Concurrent Theta sketch is a manifestation of a generic approach for parallelizing sketches while bounding the error such parallelism introduces1.
At its core, a generic concurrent sketch ingests data through multiple sketches that are local to the inserting threads.
The data in these local sketches, which are bounded in size, is merged into a single shared sketch by utilizing the sketch mergability property.
Queries are served from a snapshot of the shared sketch.
This snapshot is taken frequently enough to guarantee the result’s freshness, and seldom enough to not become the bottleneck of the sketch.
Unlike previous solutions, this design enables simultaneous queries and updates to a sketch from an arbitrary number of threads. The responsibility for merging the thread-local sketch into the shared sketch is divided into two
Both the local sketch and the shared sketch are descendants of UpdateSketch and therefore support its API. However, it is important that the shared sketch is only used to get the estimate, while updates only go through the local sketches. The shared sketch can be allocated either off-heap or on-heap, while the local sketch is always allocated on-heap.
Like other Theta sketches, UpdateSketchBuilder
is used to build the shared and local sketches.
It is imperative that the shared sketch is built first.
Then, at the context of an application thread(/s) that feeds the data a local sketch is created and connected to the shared sketch.
This is a list of the configuration parameters for the builder:
import org.apache.datasketches.memory.WritableDirectHandle;
import org.apache.datasketches.memory.WritableMemory;
import org.apache.datasketches.theta.Sketch;
import org.apache.datasketches.theta.UpdateSketch;
import org.apache.datasketches.theta.UpdateSketchBuilder;
class ApplicationWithsketches {
private UpdateSketchBuilder bldr;
private UpdateSketch sharedSketch;
private Thread writer;
private int sharedLgK;
private int localLgK;
private boolean ordered;
private boolean offHeap;
private int poolThreads;
private double maxConcurrencyError;
private int maxNumWriterThreads;
private WritableDirectHandle wdh;
private WritableMemory wmem;
//configures builder for both local and shared
void buildConcSketch() {
bldr = new UpdateSketchBuilder();
// All configuration parameters are optional
bldr.setLogNominalEntries(sharedLgK); // default 12 (K=4096)

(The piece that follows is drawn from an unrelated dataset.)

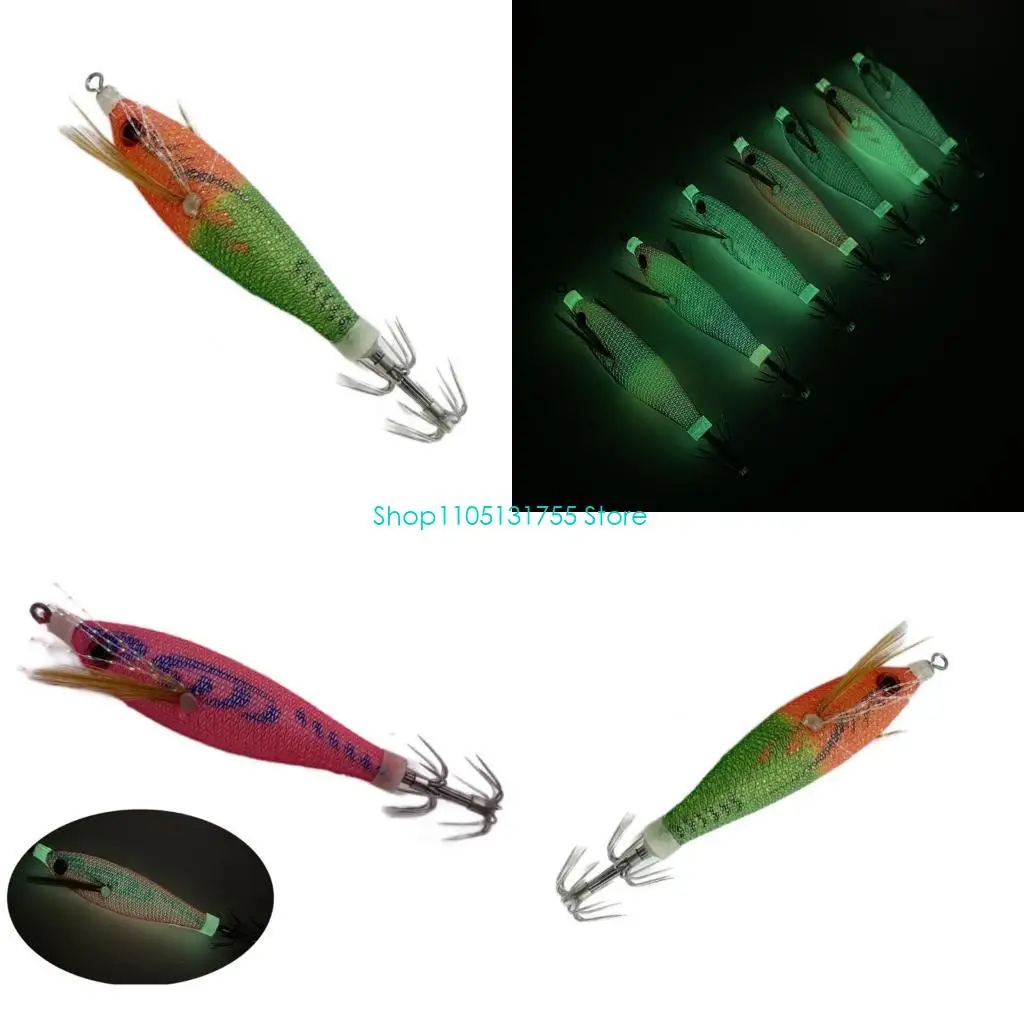 

K0EF Professional Soft Fishing Lures Shrimp Hook Artificial Glow Cuttlefish Hooks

bldr.setLocalLogNominalEntries(localLgK); // default 4 (B=16)
bldr.setNumPoolThreads(poolThreads); // default 3
bldr.setPropagateOrderedCompact(ordered); // default true
bldr.setMaxConcurrencyError(maxConcurrencyError); // default 0
bldr.setMaxNumLocalThreads(maxNumWriterThreads); // default 1
// build shared sketch first
final int maxSharedUpdateBytes = Sketch.getMaxUpdateSketchBytes(1 << sharedLgK);
if (offHeap) {
wdh = WritableMemory.allocateDirect(maxSharedUpdateBytes);
wmem = wdh.get();
} else {
wmem = null; //WritableMemory.allocate(maxSharedUpdateBytes);
}
sharedSketch = bldr.buildShared(wmem);
}
void mainApplicationMethod() {
// init attributes, e.g, with properties file
...
buildConcSketch();
writer = new WriterThread(bldr, sharedSketch);
while(#some_application_condition) {
// get estimate through shared sketch
doSomethingWithEstimate(sharedSketch.getEstimate());
try {
Thread.sleep(100);
} catch (final InterruptedException e) {
e.printStackTrace();
}
}
}
}
// Context of writer thread
class WriterThread extends Thread {
private UpdateSketch local;
// build local sketches from bldr and reference to shared sketch
public WriterThread(final UpdateSketchBuilder bldr, final UpdateSketch shared) {
local = bldr.buildLocal(shared);
//init input stream, such as a queue, or a communication buffer, etc.
}
// updtae concurrent sketch through local sketch - no need for locks or any other synchronization
public void run() {
while(true) {
if(#input_stream_is_not_empty) {
long data = getDataFromInputStream();
local.update(data);
}
}
}
A concurrent sketch is not a single unit of computation. It is composed of the shared sketch and the local buffers.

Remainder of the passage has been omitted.